I’ll also say it took me a couple of years to learn not to fear the gang guys I met, because I was attacked at gunpoint again and again the first two years and it creates fear in you. That’s one of the reasons I have related to white racism since then.
Since then I’ve learned that the best method of overcoming the racism, I so soon developed towards blacks from my fear was to simply to move in with those you fear. By first living with the “nice” (well behaving) black students from the middleclass I began to build trust up, not least by meeting their criminal brothers and sisters who at first appeared ”dangerous” as a result of their anger, but whom they loved which contaminated my own view of them. It’s the anger among ostracized people that has since inspired me most – the anger which kills their leaning abilities in school the same as we see among marginalized Muslims in Denmark right now. By moving in with those I had already learned to fear, I built up more and more trust in black people in general. So when I since went out in the streets and met all these gangsters and criminals and so on, without knowing it I now sent a completely opposite message out to the children of pain, like “you are good, I have reason to trust you.”

In the past, my fearful body signals had sent them devastating messages such as "you are a bad guy whom I have reason to fear" which dehumanized them and inflamed their bad sides. For if there is one thing that marginalized ghetto people all over the world crave, it is the feeling of being loved. Only when you in your inner thinking are capable of sending signals of deeper trust in them can you send them the message that makes them feel loved and included. From that moment on, even the worst criminals and murderers melted and took me by the hand to lead me around their world of pain.
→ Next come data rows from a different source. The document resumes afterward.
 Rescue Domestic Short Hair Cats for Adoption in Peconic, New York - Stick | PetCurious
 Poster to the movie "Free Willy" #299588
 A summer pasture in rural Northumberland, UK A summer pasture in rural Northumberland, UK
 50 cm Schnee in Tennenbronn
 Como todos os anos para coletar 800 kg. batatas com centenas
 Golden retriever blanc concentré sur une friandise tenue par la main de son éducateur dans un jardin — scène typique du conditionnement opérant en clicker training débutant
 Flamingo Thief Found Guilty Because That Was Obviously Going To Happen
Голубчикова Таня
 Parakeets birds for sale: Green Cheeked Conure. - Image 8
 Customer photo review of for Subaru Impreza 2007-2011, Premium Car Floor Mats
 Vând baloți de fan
I was never assaulted again and was never since afraid even though the violence around me grew worse and worse. From that moment on, America opened up to me and I could travel freely among all. That is the short version of the story of how I got into their homes.

 

Arthur Jafa: Those are some fundamental insights. I’ve worked for most of my adult life as a cinematographer, particularly on documentaries, so I’ve been to a lot of different places. People who don’t have a lot are always trying to get what they need, but they’re not demons. In my own particular upbringing in the Delta, which is outside of the Appalachians in the poorest region in America, I feel like poverty was more defining than culture, so to speak, or even race. The culture grows out of the poverty, or is inflected or deflected or shaped by the poverty.
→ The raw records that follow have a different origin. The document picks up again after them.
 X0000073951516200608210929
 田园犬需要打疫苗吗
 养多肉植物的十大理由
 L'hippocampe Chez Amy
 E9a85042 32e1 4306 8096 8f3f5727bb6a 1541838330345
My dad grew up in Laurel, Mississippi, in circumstances that would have been considered rough. He was a person that you could drop in any situation – we traveled Chicago, St. Louis – and within 40 minutes, he’s just sitting around talking to people like they’ve known each other for forever. And as his son, I always felt slightly deficient. When I was young, I didn’t know how to do this. I felt uncomfortable. I always felt like an outsider. Even as a black person, I felt like an outsider.  I have complicated feelings about my relationship to all the spectrums of blackness. On one hand “underclass”, lower class, blackness, and black culture is something that supposedly we’re collectively trying to get away from. I think the reason I did was that my father tried to create this other reality for his kids. And it was another reality. But he was super protective, I would say he was over-protective. It was a reality that didn’t provide us with certain kinds of skills. It wasn’t until I got older, by the time I turned 20, and I started traveling to places like Jamaica and Brazil, and to Africa, where I lived in cities like Lagos that I learned to establish my own relationship with people.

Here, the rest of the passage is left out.